» **Problem**: Exact copy, no pictures: output all the records that follow.
========================================================================
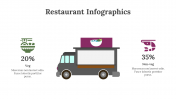 200236-Restaurant-Infographics_11
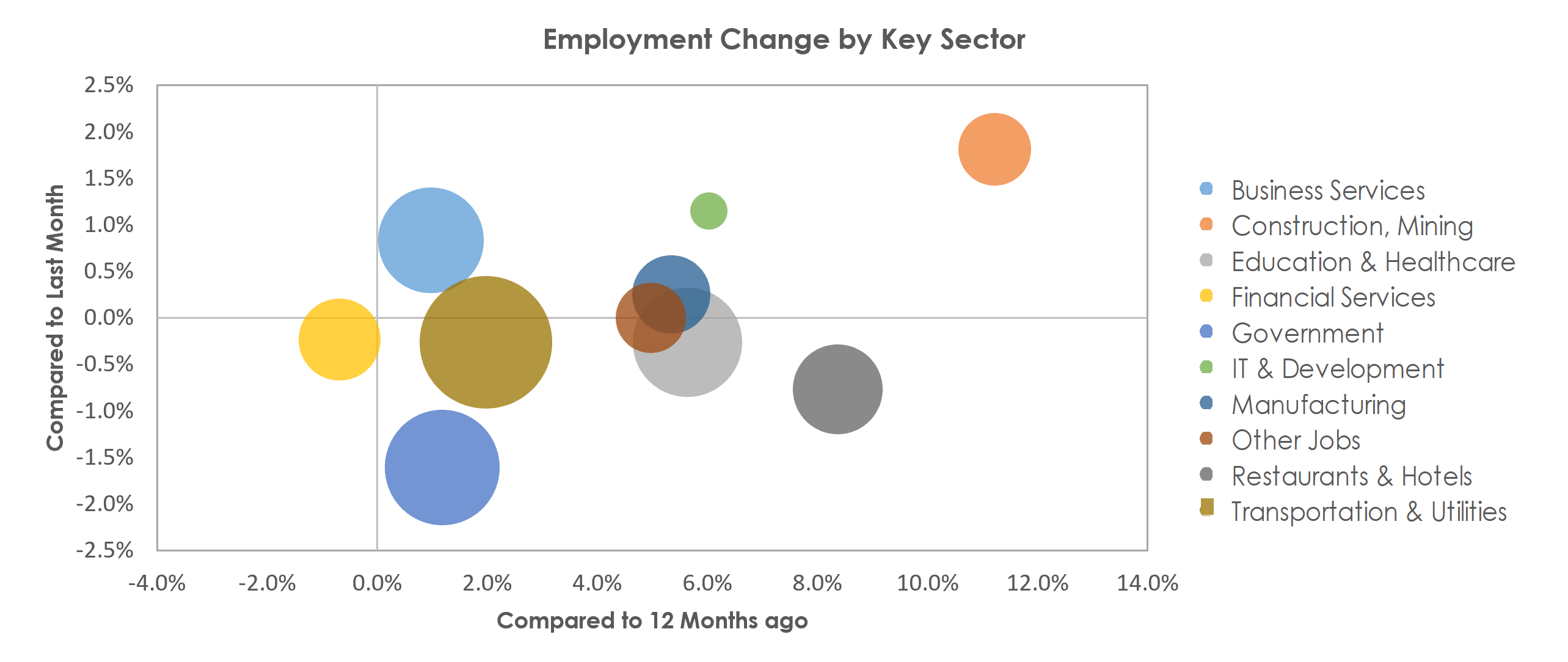 Birmingham-Hoover, AL Unemployment by Industry July 2022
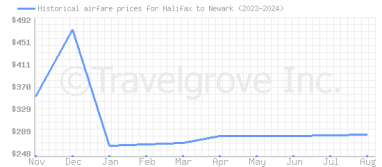 Price overview for flights from Halifax to Newark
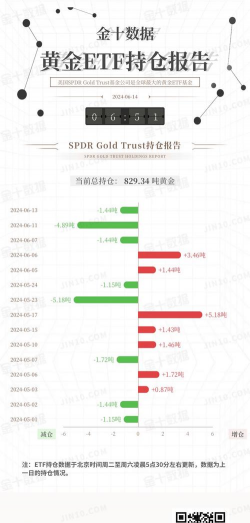2025年10月22日ETF黄金最新净持仓量数据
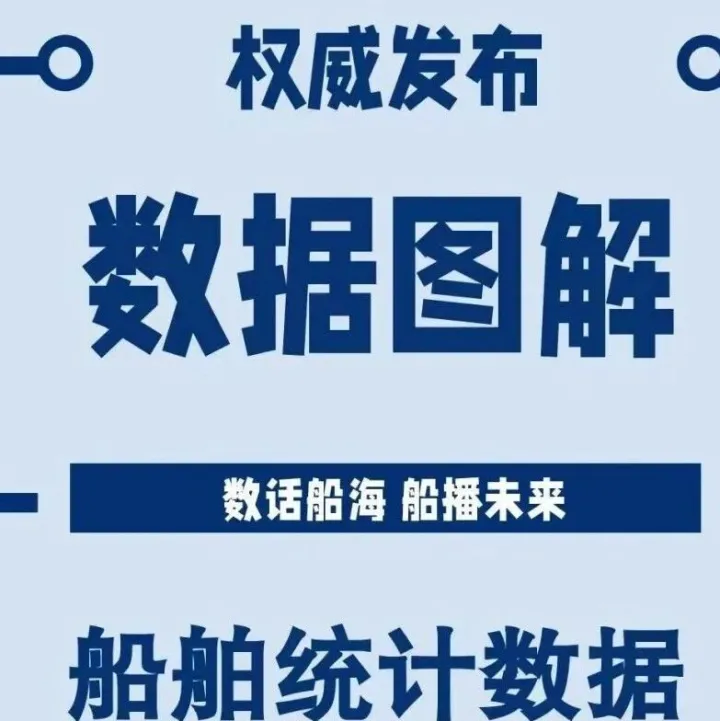 2025年全年<em>船舶</em>统计数据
========================================================================
» **Response to this exercise**:
 200236-Restaurant-Infographics_11
 Birmingham-Hoover, AL Unemployment by Industry July 2022
 Price overview for flights from Halifax to Newark
2025年10月22日ETF黄金最新净持仓量数据
 2025年全年<em>船舶</em>统计数据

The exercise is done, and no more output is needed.